I will bless the LORD at all times; his praise will always be in my mouth. I praise the LORD — let the suffering listen and rejoice. Magnify the LORD with me! Together let us lift his name up high! I sought the LORD and he answered me. He delivered me from all my fears. Those who look to God will shine; their faces are never ashamed. This suffering person cried out: the LORD listened and saved him from every trouble. On every side, the LORD ’s messenger protects those who honor God; and he delivers them. Taste and see how good the LORD is! The one who takes refuge in him is truly happy! You who are the LORD ’s holy ones, honor him, because those who honor him don’t lack a thing. Even strong young lions go without and get hungry, but those who seek the LORD lack no good thing. Come, children, listen to me. Let me teach you how to honor the LORD : Do you love life; do you relish the chance to enjoy good things? Then you must keep your tongue from evil and keep your lips from speaking lies! Turn away from evil! Do good! Seek peace and go after it! The LORD ’s eyes watch the righteous, his ears listen to their cries for help. But the LORD ’s face is set against those who do evil, to eliminate even the memory of them from the earth.  The righteous have many problems, but the LORD delivers them from every one. He protects all their bones; not even one will be broken. But just one problem will kill the wicked, and those who hate the righteous will be held responsible. The LORD saves his servants’ lives; all those who take refuge in him won’t be held responsible for anything.

(Psalms 34:1-‬22 CEB)

This was certainly a week where I had “many problems”; I would not call it a stress free, easy week at all. I finally got home after an incredibly stressful Saturday where I was robbed and both my husband and my cars broke down in different states. A third car broke down on us. My phone broke. We didn’t have childcare for two days. I had to deal with credit card fraud. I started a new job. I found out we are going to have to switch primary care doctors because mine no longer is going to take my insurance. I had a major medical test and found out that I still have a serious brain condition that is only improved with surgery. 

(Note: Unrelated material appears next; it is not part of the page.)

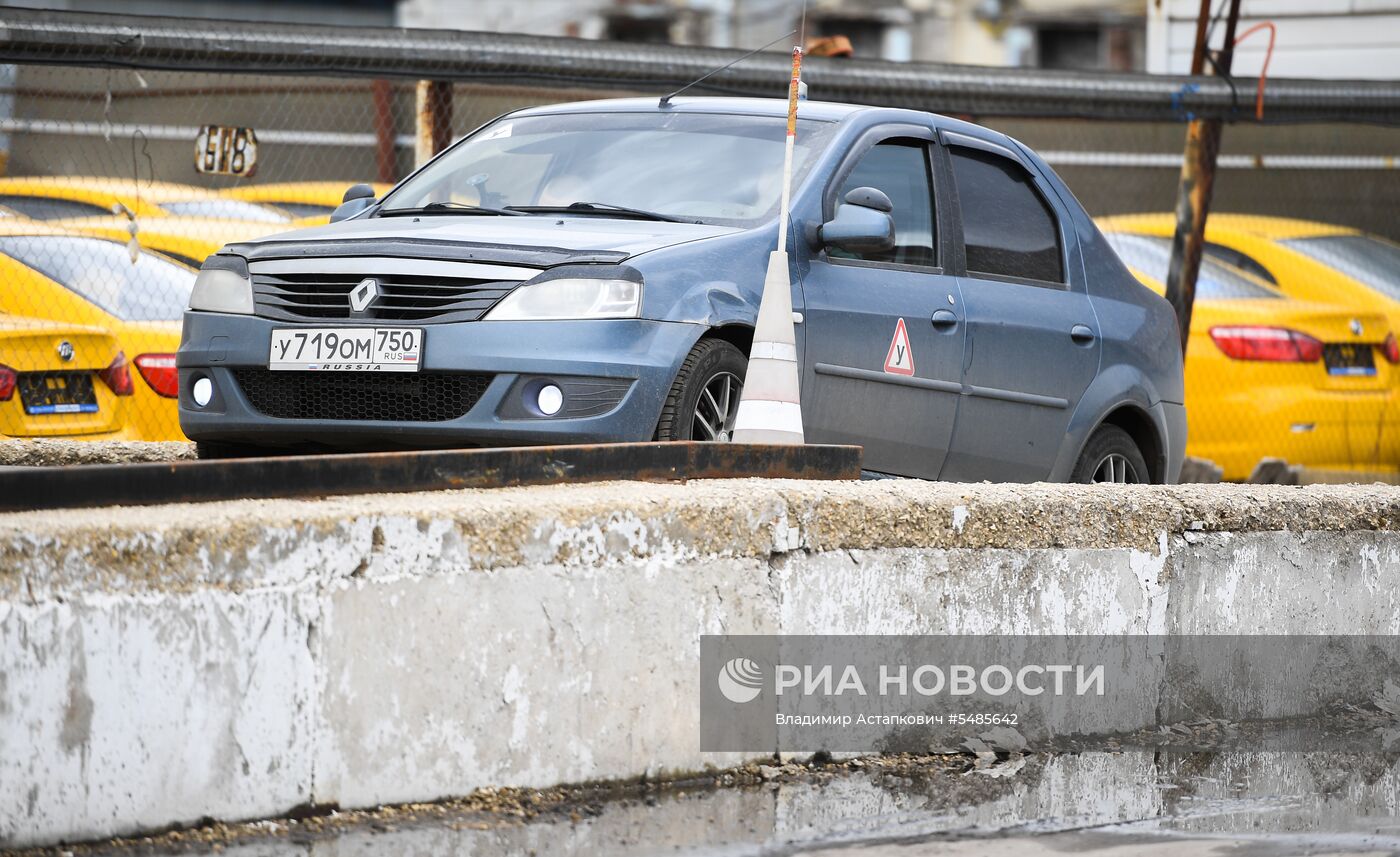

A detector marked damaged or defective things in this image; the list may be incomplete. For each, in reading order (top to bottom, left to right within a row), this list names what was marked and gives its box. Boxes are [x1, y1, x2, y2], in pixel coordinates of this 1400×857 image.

rusty metal pole [369, 79, 397, 183]
rusty metal pole [411, 79, 450, 167]
rusty metal pole [1164, 0, 1243, 354]
rusty steel rail [0, 445, 862, 512]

Even a few weeks ago, all of these events in tandem would have been enough to majorly stress me out. I have been struggling with anxiety and worry my whole life, since I was a child. And yet, somehow, I have had an incredible sense of peace this week. I’ve been able to use positive coping skills. I have felt extremely happy and well all week. It as an amazing week because of this. 

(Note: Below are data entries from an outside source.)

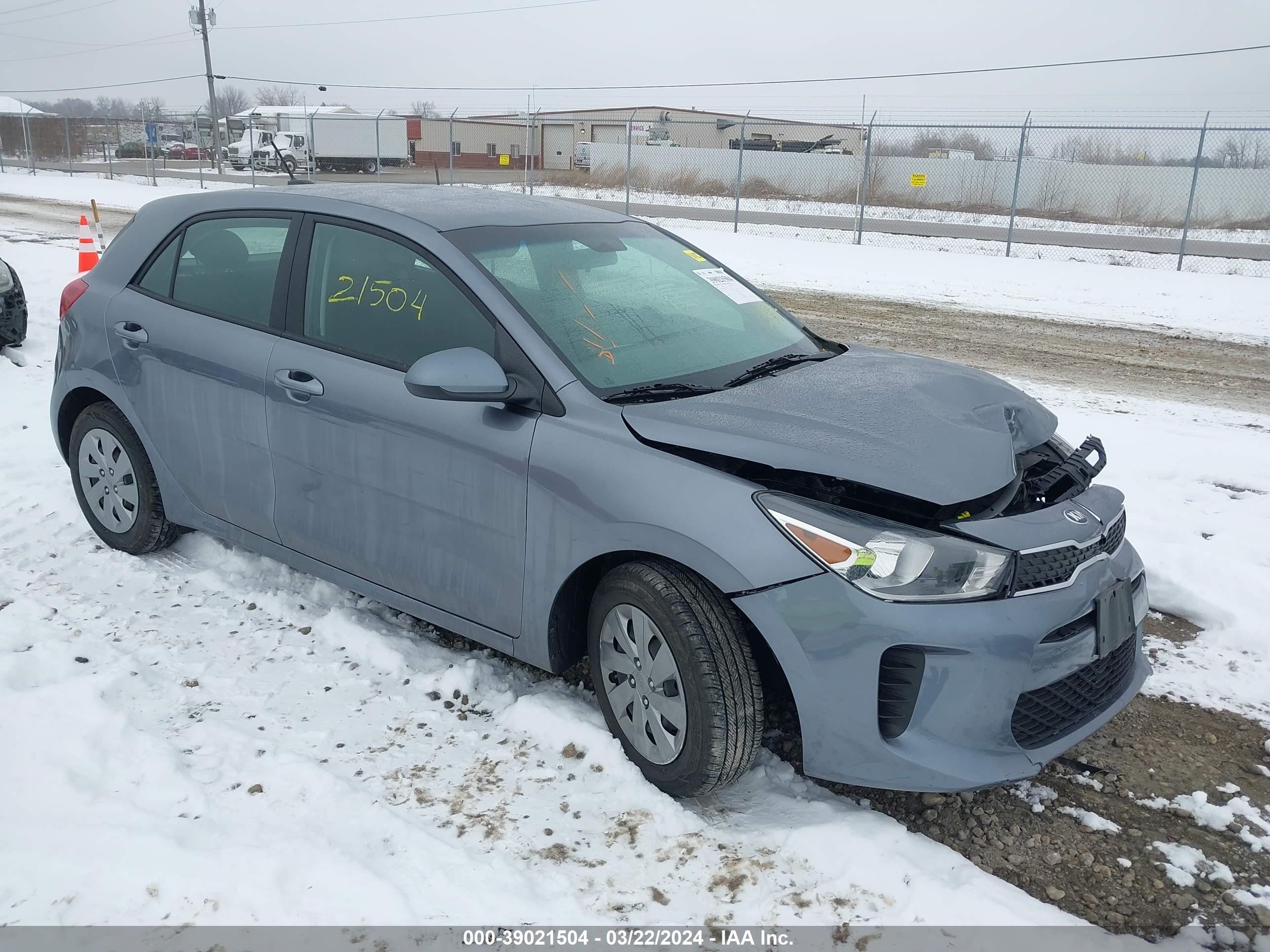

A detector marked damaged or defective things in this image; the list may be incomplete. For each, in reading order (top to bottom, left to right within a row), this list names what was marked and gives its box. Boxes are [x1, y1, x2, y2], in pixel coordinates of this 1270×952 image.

crumpled hood [620, 345, 1057, 508]
damaged front bumper [737, 487, 1153, 792] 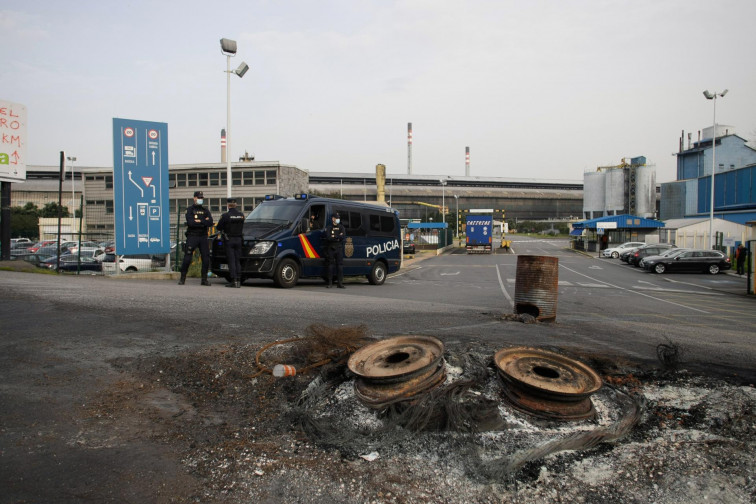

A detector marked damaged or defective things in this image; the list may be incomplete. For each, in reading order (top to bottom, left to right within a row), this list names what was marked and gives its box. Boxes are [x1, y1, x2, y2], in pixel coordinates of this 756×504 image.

burned tire rim [346, 334, 442, 382]
burned tire rim [496, 346, 604, 422] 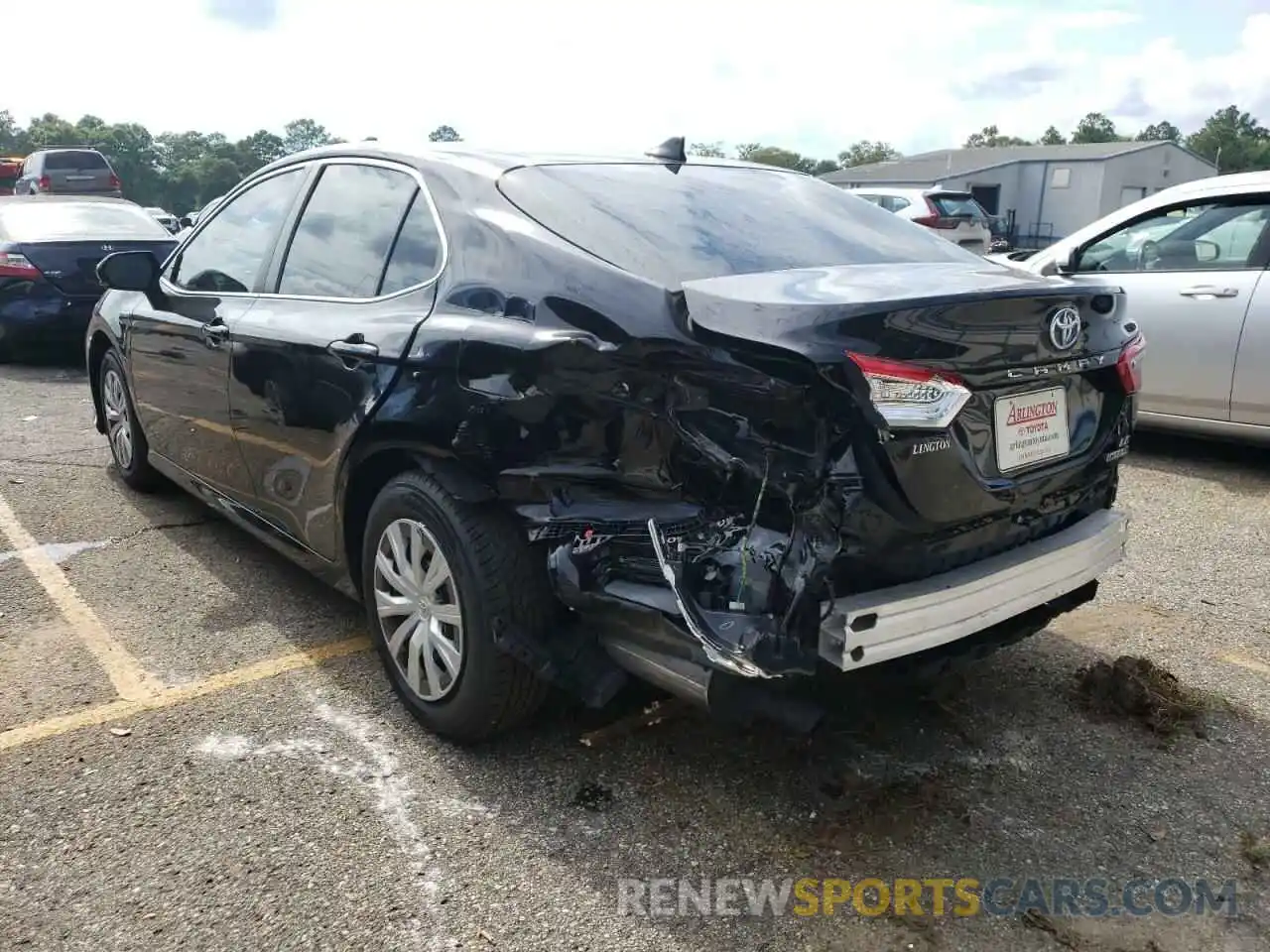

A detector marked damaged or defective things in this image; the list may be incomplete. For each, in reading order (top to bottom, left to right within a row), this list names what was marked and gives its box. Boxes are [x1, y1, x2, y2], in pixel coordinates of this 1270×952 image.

exposed wheel well [86, 329, 112, 431]
cracked pavement [2, 360, 1270, 952]
detached rear bumper trim [818, 510, 1127, 674]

How did this transformation happen? I’m honestly not sure, but I am confident it is the Holy Spirit acting in me, not myself. I am confident that God saved my life last Saturday night. 

It’s probably cheesy, almost like something that happens in fiction and not real life, to say that after what happened Saturday, it was like a switch was thrown to where I could really trust God fully and live my life differently. The Holy Spirit took over. And I may have suffered this week, but I have been consistently full of praise, because I know God is with me. I am more aware of God’s presence in my life than I ever have been. 

I am sure the week ahead will hold struggles: for you, for me, for all of us. God does not promise us a life of ease and free of problems, but quite the opposite: we are promised a life of picking up our cross daily and following Christ. But what we are promised is that the Lord will listen every single time we cry out; and for that, we can praise God in every single circumstance.